AB InBev posts annual sales rise as drinkers swallow higher prices
The world’s largest brewer Anheuser-Busch InBev grew sales by more than 15 per cent last year as drinkers emerging from pandemic restrictions reached for more expensive beers. The maker of Budweiser, Stella Artois and Corona said organic sales growth was 15.6 per cent, on revenues of $54.3bn for the year, exceeding analysts’ expectations, as consumers switched to premium brands and accepted rising drinks prices resulting from commodity price inflation. Chief executive Michel Doukeris said input cost inflation had reached about 7 per cent last year.
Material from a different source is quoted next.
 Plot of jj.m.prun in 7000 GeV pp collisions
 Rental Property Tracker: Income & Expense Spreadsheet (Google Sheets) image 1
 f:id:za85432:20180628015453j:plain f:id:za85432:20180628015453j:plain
He said the return of large-scale events such as sports tournaments following pandemic cancellations was an “incredible opportunity . . . we believe we have momentum and are well-positioned to meet the moment”. He declined to comment on whether the group’s breweries in Chernihiv, Kharkiv and Mykolayiv in Ukraine were still operating on Thursday. They are run by a joint venture with Turkish brewer Anadolu Efes covering both Russia and Ukraine, which employs about 7,000 people.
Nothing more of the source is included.